SMPTE 2110 Elementary Streams

And like any IP based production format, ST 2110 takes into consideration that the underlying infrastructure is no longer synchronous. The enabler for separating audio, video and data streams on an asynchronous infrastructure is timing, making sure that each elementary stream is time stamped and that timing information is carried over the top. In the case of ST 2110 this is done using PTP (IEEE 1588).

In addition to timing, another challenge of moving to asynchronous infrastructure is burstiness. With a synchronous infrastructure the concept of burstiness does not exist, as traffic is delivered in one continuous flow. With IP, that’s no longer the case. Being packet based, each device along the traffic path contains buffers that are not synchronized. That means each device and buffer acts independently, resulting in traffic being delivered in bursts rather than as a continuous flow. For this reason, ST 2110 defines several sender and receiver profiles describing how big bursts are accepted in different environments.

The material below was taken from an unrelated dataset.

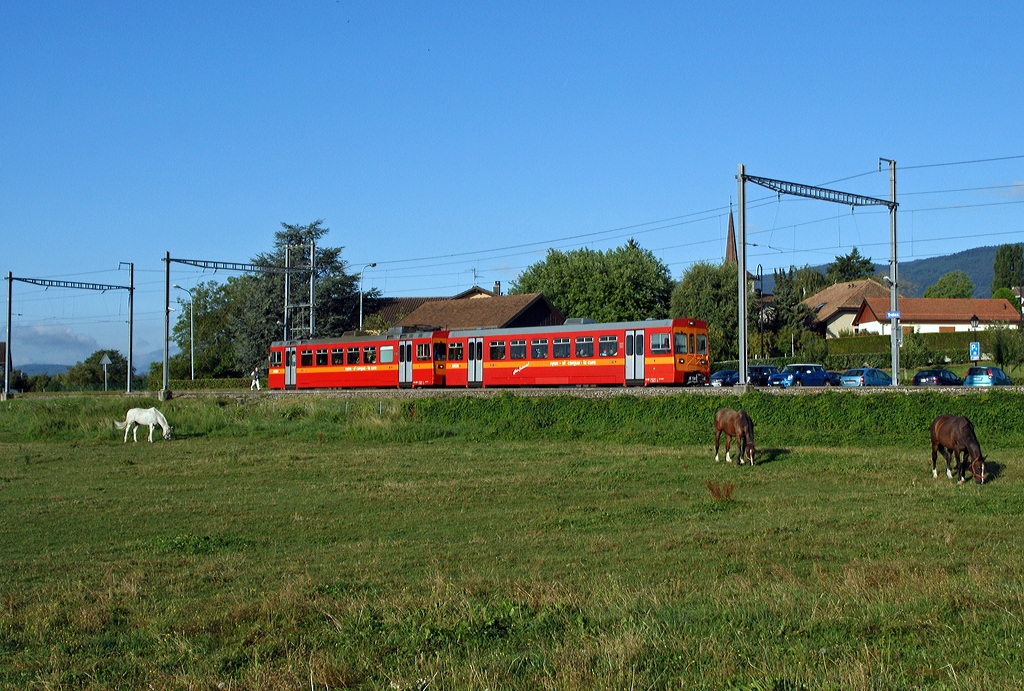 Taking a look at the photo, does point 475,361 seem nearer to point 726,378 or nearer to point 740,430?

Finally, SMPTE 2110 really only describes an IP based media data plane. The control plane is left to its sibling, the set of NMOS specifications. They describe how devices on a network can detect each other, understand what streams are available, and how to connect two devices. The NMOS specifications are really the glue that makes an ST 2110 based infrastructure manageable and are in many cases even more interesting than ST 2110 in itself.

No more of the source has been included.